Question

A prism of refracting angle $ {{60}^{\circ}} $ is made with a material of refractive index $ \,\mu $ . For a certain wavelength of light, the angle of minimum deviation is $ {{30}^{\circ}} $ . For this wavelength the value of $ \,\mu , $ the material will be :

• A. 1.531
• B. 1.414
• C. 1.593
• D. 1.825

Answer 1

Answer: (B)

The refractive index [a] of prism is given by
$ \mu =\frac{\sin \left( \frac{A+{{\delta }_{m}}}{2} \right)}{\sin \frac{A}{2}} $
where $A$ is angle of prism and $ {{\delta }_{m}} $ is angle of minimum deviation.
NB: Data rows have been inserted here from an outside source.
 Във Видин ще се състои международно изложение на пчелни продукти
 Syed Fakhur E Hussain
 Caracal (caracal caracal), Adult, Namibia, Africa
Given, $ A={{60}^{o}},\,\,{{\delta }_{m}}={{30}^{o}} $
$ \therefore \mu =\frac{\sin \left( \frac{{{60}^{o}}+{{30}^{o}}}{2} \right)}{\sin \frac{{{60}^{o}}}{2}}=\frac{\sin \,{{45}^{o}}}{\sin \,{{30}^{o}}} $
$ =\frac{0.707}{0.5}=1.414 $
Note: For a specific prism, there is one and only one angle of minimum deviation.